From the entries below, return every line that includes the word "side".

Extracted data START

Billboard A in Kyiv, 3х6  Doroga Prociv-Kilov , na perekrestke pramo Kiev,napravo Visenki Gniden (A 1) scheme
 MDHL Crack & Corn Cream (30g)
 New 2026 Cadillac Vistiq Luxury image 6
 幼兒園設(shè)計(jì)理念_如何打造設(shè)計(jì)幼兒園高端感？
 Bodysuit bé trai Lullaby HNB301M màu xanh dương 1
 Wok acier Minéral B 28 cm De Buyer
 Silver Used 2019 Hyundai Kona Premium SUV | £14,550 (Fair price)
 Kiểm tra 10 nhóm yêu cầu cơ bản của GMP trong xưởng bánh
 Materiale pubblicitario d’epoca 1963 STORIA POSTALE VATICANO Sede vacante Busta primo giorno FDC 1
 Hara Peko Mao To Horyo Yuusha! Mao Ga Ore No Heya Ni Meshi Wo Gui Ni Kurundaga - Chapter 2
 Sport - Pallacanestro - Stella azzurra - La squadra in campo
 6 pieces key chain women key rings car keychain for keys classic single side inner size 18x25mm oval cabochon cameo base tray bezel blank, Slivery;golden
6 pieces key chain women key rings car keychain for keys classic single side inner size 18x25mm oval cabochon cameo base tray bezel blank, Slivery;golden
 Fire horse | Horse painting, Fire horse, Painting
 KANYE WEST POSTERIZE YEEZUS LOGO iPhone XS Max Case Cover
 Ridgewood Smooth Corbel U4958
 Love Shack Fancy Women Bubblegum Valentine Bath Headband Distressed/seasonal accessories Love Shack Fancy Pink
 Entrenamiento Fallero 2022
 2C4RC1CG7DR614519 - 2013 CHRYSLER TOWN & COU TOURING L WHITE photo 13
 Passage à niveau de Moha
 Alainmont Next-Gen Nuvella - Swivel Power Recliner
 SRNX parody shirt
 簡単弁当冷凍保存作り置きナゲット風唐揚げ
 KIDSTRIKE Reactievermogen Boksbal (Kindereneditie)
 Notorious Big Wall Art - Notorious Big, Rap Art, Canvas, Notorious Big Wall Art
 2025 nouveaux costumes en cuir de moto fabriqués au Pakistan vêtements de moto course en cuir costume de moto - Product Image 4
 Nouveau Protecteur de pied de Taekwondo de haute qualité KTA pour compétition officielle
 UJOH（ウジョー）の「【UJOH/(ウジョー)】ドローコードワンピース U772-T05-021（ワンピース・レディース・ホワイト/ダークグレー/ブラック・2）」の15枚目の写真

Extracted data END

Result below:
 6 pieces key chain women key rings car keychain for keys classic single side inner size 18x25mm oval cabochon cameo base tray bezel blank, Slivery;golden
6 pieces key chain women key rings car keychain for keys classic single side inner size 18x25mm oval cabochon cameo base tray bezel blank, Slivery;golden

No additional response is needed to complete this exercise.